NAME

filterlinks - filter the link file based on link parameters


SYNOPSIS

  filterlinks -links linkfile.txt [-nointer] [-nointra] [-debug]


DESCRIPTION


RULES

A filter rules contains two parts: the link parameter which is tested and a list of acceptable conditions.

The two exceptions are the -nointer and -nointra flags. These can be used to filter out inter-chromosomal links (ends of link are on different chromosomes) and intra-chromosomal links (ends of link are on the same chromosome).
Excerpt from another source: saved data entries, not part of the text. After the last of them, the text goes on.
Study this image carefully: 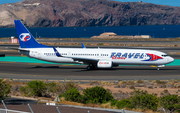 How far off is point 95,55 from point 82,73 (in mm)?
4755

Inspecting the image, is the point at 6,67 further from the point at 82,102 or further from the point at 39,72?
the point at 82,102

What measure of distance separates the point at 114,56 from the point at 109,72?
3124mm

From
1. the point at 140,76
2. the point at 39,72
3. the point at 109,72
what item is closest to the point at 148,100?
the point at 140,76

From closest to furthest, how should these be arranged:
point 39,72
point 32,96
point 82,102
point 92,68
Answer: point 82,102, point 32,96, point 39,72, point 92,68

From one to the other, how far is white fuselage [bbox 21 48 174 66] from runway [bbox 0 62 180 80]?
1.68 meters

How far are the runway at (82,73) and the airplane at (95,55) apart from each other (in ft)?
4.83

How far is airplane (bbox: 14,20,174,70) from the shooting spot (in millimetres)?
47156

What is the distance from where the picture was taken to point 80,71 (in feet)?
155

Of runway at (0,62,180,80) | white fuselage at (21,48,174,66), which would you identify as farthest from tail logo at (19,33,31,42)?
runway at (0,62,180,80)

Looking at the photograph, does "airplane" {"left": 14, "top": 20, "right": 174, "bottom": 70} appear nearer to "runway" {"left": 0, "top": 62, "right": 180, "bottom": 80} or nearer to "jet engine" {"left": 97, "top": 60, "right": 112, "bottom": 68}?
"jet engine" {"left": 97, "top": 60, "right": 112, "bottom": 68}

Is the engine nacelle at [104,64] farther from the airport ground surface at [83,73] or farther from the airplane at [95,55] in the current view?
the airport ground surface at [83,73]

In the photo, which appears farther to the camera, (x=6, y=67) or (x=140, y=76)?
(x=6, y=67)

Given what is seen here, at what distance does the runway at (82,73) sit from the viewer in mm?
41781

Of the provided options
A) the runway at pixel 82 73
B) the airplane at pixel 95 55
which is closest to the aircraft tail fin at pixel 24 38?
the airplane at pixel 95 55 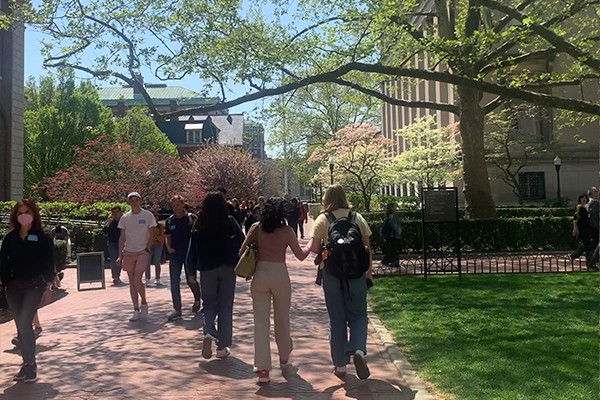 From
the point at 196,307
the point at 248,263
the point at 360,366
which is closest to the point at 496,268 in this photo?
the point at 196,307

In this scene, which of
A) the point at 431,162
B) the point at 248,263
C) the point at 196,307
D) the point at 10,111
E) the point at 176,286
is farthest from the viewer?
the point at 431,162

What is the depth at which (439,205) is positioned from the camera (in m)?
12.5

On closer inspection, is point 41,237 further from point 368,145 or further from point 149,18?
point 368,145

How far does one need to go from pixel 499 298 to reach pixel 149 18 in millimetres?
10169

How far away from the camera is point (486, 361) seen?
573cm

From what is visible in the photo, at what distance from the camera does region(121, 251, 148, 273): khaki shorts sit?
8.36 meters

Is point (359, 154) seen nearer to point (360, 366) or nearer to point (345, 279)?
point (345, 279)

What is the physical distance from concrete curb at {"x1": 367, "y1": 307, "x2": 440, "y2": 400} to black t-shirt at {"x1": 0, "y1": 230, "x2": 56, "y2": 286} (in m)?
3.75

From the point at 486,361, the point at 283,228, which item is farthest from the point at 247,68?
the point at 486,361

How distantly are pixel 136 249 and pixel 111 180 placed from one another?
67.5 ft

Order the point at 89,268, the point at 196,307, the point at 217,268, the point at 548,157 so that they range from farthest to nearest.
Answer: the point at 548,157, the point at 89,268, the point at 196,307, the point at 217,268

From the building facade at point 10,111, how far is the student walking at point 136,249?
834 inches

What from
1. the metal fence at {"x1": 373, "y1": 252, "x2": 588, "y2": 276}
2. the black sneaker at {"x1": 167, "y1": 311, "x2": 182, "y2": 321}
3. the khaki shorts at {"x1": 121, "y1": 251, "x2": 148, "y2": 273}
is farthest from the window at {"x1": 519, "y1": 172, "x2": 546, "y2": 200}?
the khaki shorts at {"x1": 121, "y1": 251, "x2": 148, "y2": 273}

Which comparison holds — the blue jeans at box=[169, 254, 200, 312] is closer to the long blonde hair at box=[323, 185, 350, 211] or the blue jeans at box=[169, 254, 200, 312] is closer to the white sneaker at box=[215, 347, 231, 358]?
the white sneaker at box=[215, 347, 231, 358]
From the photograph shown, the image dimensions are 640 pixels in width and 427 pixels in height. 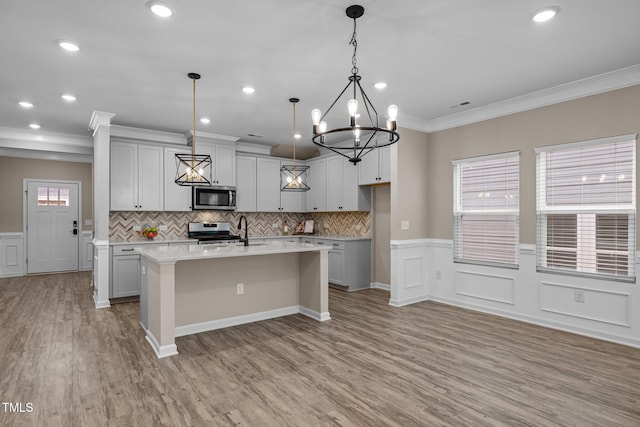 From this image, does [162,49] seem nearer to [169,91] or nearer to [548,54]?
[169,91]

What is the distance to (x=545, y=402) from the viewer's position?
2525 millimetres

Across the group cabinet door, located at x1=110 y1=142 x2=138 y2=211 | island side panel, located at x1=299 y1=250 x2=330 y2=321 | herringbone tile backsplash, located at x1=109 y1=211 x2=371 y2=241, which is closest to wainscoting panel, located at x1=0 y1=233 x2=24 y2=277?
herringbone tile backsplash, located at x1=109 y1=211 x2=371 y2=241

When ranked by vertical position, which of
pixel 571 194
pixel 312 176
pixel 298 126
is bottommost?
pixel 571 194

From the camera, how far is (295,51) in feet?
10.4

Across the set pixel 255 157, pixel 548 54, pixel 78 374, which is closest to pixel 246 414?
pixel 78 374

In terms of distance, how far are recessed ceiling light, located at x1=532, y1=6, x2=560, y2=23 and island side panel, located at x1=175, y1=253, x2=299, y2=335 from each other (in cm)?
Answer: 345

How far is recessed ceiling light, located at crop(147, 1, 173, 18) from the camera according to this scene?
243 cm

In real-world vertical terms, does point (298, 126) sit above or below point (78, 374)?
above

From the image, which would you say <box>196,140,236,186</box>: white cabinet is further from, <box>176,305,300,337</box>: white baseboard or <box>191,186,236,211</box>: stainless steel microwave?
<box>176,305,300,337</box>: white baseboard

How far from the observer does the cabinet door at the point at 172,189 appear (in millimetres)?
6059

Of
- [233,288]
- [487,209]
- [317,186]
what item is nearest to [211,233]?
[317,186]

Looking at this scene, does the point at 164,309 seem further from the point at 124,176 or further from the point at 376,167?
the point at 376,167

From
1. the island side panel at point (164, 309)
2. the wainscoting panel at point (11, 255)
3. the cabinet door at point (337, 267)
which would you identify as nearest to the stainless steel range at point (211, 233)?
the cabinet door at point (337, 267)

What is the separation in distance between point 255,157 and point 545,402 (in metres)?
6.01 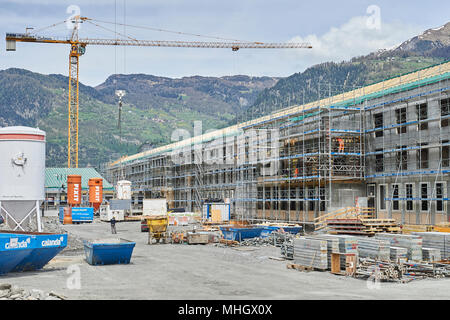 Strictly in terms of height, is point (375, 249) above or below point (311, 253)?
above

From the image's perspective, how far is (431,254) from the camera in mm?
23781

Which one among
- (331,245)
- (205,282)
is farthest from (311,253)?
(205,282)

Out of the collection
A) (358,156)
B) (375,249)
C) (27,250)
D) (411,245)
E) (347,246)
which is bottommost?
(375,249)

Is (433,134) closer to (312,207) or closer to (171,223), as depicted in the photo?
(312,207)

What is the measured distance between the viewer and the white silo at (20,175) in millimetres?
24438

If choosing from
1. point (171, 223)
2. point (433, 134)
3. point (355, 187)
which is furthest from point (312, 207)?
point (171, 223)

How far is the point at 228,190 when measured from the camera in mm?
65188

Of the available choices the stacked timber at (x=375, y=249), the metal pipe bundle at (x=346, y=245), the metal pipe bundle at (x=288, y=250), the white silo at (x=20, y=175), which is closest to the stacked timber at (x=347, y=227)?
the metal pipe bundle at (x=288, y=250)

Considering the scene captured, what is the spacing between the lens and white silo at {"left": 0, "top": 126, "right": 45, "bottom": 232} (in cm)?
2444

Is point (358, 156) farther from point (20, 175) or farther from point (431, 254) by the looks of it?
point (20, 175)

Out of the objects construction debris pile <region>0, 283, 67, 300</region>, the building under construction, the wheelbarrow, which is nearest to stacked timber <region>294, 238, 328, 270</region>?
construction debris pile <region>0, 283, 67, 300</region>

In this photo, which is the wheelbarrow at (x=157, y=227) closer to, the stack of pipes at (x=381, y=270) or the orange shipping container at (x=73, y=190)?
the stack of pipes at (x=381, y=270)

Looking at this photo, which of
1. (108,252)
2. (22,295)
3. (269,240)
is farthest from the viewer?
(269,240)

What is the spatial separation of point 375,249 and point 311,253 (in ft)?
10.00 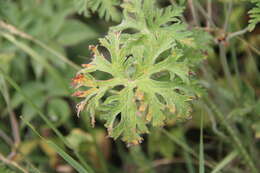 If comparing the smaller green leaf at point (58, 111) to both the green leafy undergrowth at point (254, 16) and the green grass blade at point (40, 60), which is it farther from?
the green leafy undergrowth at point (254, 16)

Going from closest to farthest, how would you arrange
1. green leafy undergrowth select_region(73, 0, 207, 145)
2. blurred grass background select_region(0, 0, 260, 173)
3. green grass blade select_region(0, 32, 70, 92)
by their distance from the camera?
1. green leafy undergrowth select_region(73, 0, 207, 145)
2. green grass blade select_region(0, 32, 70, 92)
3. blurred grass background select_region(0, 0, 260, 173)

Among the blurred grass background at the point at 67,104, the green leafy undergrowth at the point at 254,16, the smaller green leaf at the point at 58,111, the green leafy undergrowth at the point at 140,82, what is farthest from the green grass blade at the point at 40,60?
the green leafy undergrowth at the point at 254,16

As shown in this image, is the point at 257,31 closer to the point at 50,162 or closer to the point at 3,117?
the point at 50,162

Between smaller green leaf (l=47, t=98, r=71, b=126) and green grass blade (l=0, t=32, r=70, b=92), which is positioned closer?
green grass blade (l=0, t=32, r=70, b=92)

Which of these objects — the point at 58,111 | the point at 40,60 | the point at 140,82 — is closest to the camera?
the point at 140,82

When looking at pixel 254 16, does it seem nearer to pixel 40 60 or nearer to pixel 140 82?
pixel 140 82

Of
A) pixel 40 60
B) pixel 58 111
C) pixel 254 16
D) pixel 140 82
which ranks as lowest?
pixel 58 111

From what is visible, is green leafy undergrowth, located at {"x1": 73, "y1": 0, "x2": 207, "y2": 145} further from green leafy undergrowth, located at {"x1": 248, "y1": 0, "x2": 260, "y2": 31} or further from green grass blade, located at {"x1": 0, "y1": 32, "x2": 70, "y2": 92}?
green grass blade, located at {"x1": 0, "y1": 32, "x2": 70, "y2": 92}

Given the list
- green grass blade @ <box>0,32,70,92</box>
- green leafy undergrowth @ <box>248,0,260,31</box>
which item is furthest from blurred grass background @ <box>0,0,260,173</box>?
green leafy undergrowth @ <box>248,0,260,31</box>

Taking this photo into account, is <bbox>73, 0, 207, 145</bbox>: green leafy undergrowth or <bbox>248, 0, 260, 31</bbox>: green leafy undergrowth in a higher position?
<bbox>248, 0, 260, 31</bbox>: green leafy undergrowth

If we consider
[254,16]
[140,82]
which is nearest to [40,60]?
[140,82]

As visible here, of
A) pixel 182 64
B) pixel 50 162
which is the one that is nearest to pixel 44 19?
pixel 50 162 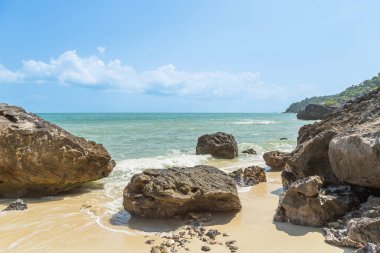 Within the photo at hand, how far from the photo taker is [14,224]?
271 inches

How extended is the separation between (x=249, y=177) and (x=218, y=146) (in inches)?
291

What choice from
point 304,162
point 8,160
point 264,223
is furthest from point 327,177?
point 8,160

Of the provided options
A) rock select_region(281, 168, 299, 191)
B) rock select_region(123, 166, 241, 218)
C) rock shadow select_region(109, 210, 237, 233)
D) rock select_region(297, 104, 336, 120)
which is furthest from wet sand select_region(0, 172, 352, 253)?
rock select_region(297, 104, 336, 120)

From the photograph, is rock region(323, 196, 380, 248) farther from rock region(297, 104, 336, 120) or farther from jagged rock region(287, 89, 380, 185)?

These two rules are strict, meaning that if a link does not pass them, no other rules are tested and the link is immediately rejected.


Link Parameters

  link_param = condition1,condition2,...

Because each link has two ends, each link parameter may give rise to three distinct rules

  link_param   = condition1,condition2,...
  link_param_1 = condition1,condition2,...
  link_param_2 = condition1,condition2,...

which test, respectively, both ends with the condition (both ends must pass), the first end, and the second end. The first end of the link corresponds to the first line of the link line pair. For example, given the link ... link018136 cf12 9800000 9900000 link018136 hs6 37914056 37916509 ...

the first end is cf12:9800000-9900000 and the second end is hs6:37914056-37916509.


Conditions

A condition has the following format

  { [?TYPE {ID} {!} ] } CONDITION

where elements in { } are optional. Briefly, TYPE is used to indicate how the CONDITION text should be applied (e.g. regular expression, integer range, exact match, etc). The ID is used to combine rules so that their match status is AND'ed together to determine whether the link passes. The trailing ``!'' is used to negate the rule (i.e. for the link to pass, the rule must fail).


EXAMPLES

Below are some examples to get you started. Note the interplay between conditions with IDs and condition without IDs. The former collate conditions into AND'ed sets, which are then in turn OR'ed with other sets and with conditions without IDs.


Filtering by Chromosomes

To select links in which both ends match regular expression ``1''

  chr = 1

So simple. Now, to select links in with either ends matches regular expression ``1'',

  chr_1 = 1
  chr_2 = 1

The difference between these two cases is that in the first instance, since the link_parameter does not include a _1 or _2 suffix, the condition is applied to both ends of the link and both ends must pass. In the second case, each end is tested independently and the results are OR'ed together.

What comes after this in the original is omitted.